- WHAT YOU WILL DO: Every entry below should appear in the answer exactly as written, apart from the pictures.

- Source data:

◆ ◆ ◆ ◆ ◆

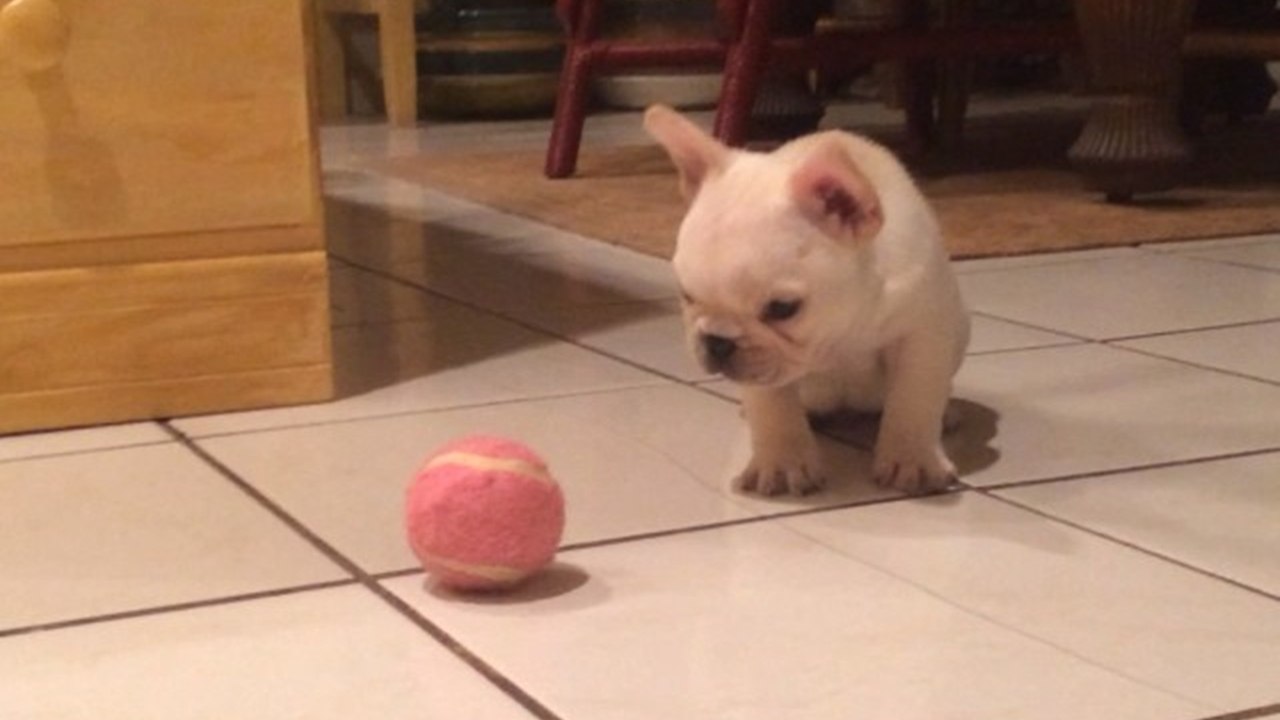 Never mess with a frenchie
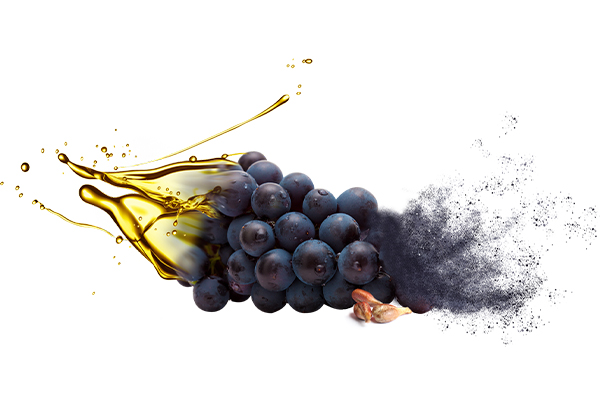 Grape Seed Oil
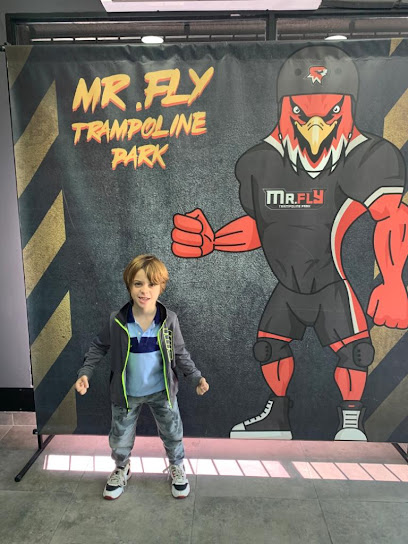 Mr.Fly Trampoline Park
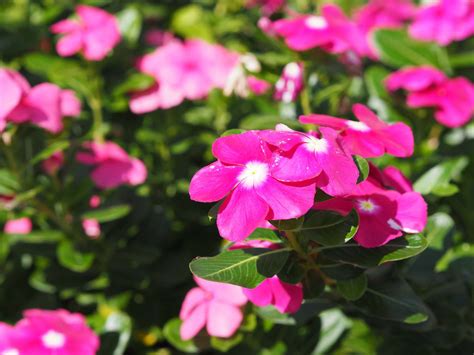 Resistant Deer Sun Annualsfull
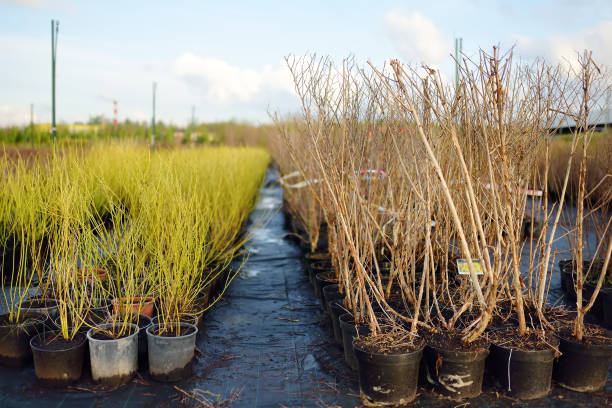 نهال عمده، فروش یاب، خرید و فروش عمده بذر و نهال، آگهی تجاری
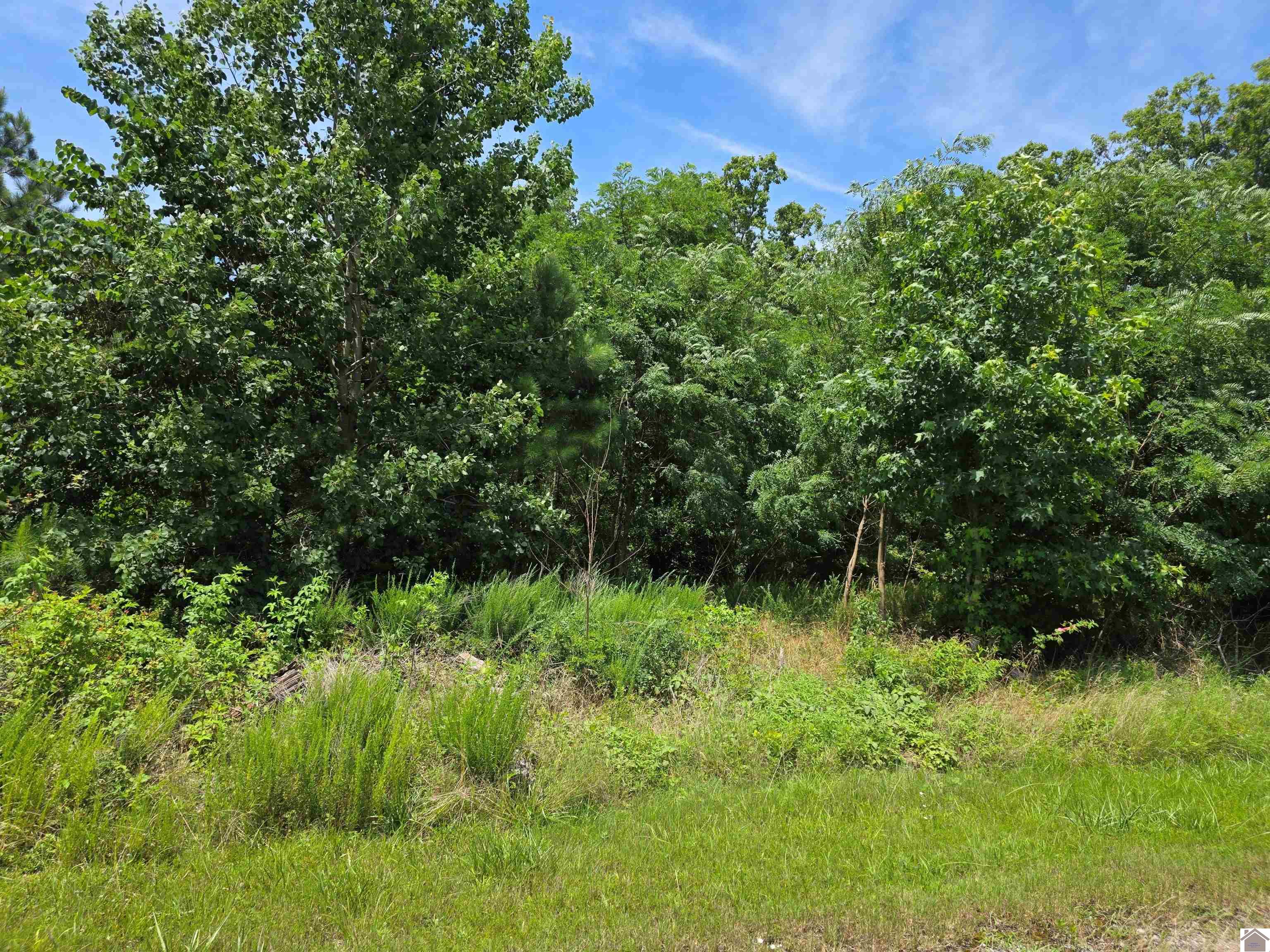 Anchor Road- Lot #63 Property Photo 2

◆ ◆ ◆ ◆ ◆

- RESULT OF THIS TASK:
 Never mess with a frenchie
 Grape Seed Oil
 Mr.Fly Trampoline Park
 Resistant Deer Sun Annualsfull
 نهال عمده، فروش یاب، خرید و فروش عمده بذر و نهال، آگهی تجاری
 Anchor Road- Lot #63 Property Photo 2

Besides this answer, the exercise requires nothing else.